Black was rumored to be friendly with the LeBarons (one of them lives outside Short Creek in an area known as the Cane Beds) and when Black fled to Mexico he set up shop not far from their hamlet, known as Colonia LeBaron. By that time, he had at least three wives, two of them teenage sisters he’d married in Short Creek.
“The truth is this piece of shit was a pervert,” Jessop says.
Black grew up in Short Creek, the oldest child of a deferential and quiet father who took orders from FLDS higher ups without question, and an enterprising mother who ran the community thrift store and taught Black a streetwise attitude that eventually put him at odds with church leadership.
“He felt like there was nothing he could do that was wrong,” says Ron Rohbock, a former FLDS member who was once married to Warren Jeff’s sister and now lives in Las Vegas.
In the mid 1990s, Black soured on the church, perhaps disappointed he hadn’t become prophet, but stuck around the community, marrying other apostate wives and opening a shop called Mojave Minerals, where he claimed he was making gold out of rocks.
It was around that time that Arizona authorities started hunting Black for taking underage wives. And then he took off to Mexico.

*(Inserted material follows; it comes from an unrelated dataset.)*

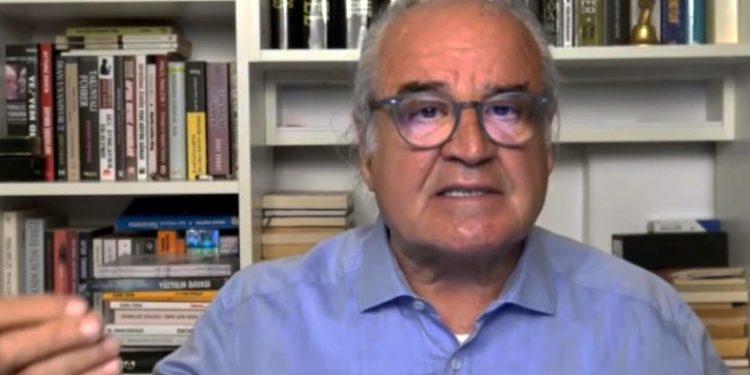 Ülkücüler Memduh Bayraktaroğlu'nun evini bastı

One former high-ranking FLDS member, who spoke on condition of anonymity, says he heard that Black was doing well in Mexico and that he had built a thriving taxidermy business. When he was arrested, Mexican authorities also detained four of his wives, a woman described by Mexican law enforcement as his “concubine” and about 20 other Americans for not having proper documents. Their arrests were the culmination of an investigation that began in September, when three bodies were found about three miles from Black’s compound, which is known as Rancho El Negro, or Black Ranch. According to Mexican news reports, the men had been shot execution style at the entrance to a trailer home. When members of Black’s group summoned to identify them declined to claim the bodies, investigators became suspicious and contacted the U.S. Consulate for information on Black.
Last weekend, more than 100 Mexican law enforcement personnel descended on Black’s compound, with assistance from the FBI and the U.S. consulate. In a series of raids over two days they detained over two dozen U.S. citizens and turned up 65 stuffed animal heads, including zebras, buffaloes, a lion and a bear, along with frozen animal carcasses.
Back in Short Creek, people who knew Black told me they never liked him much, and more or less avoided him after he became a pariah. But still, they couldn’t make sense of why he would murder three of his sons, if in fact he did.
While two of the dead are suspected of being Black’s own flesh and blood, the other is said to be a stepson. His biological father, Leslie Barlow, is still back in Short Creek. When Black claimed to be a prophet in the 1990s, Barlow joined his fledgling sect, but before long Black ousted him and married his wife, and then one of Barlow’s daughters.
Barlow’s nephew, Don Barlow – who still lives in Short Creek but has also left the sect – says the last time he saw his uncle he seemed like a broken man. He was living in a trailer, alone, other than what seemed like “30 different Chihuahua dogs.”
“Faith, it seems like it holds us together,” Don Barlow says, referring to his uncle, his family and the broader community before Warren Jeffs came along. Then he chuckled wistfully. “But it sure can wreck your life in a bad way.”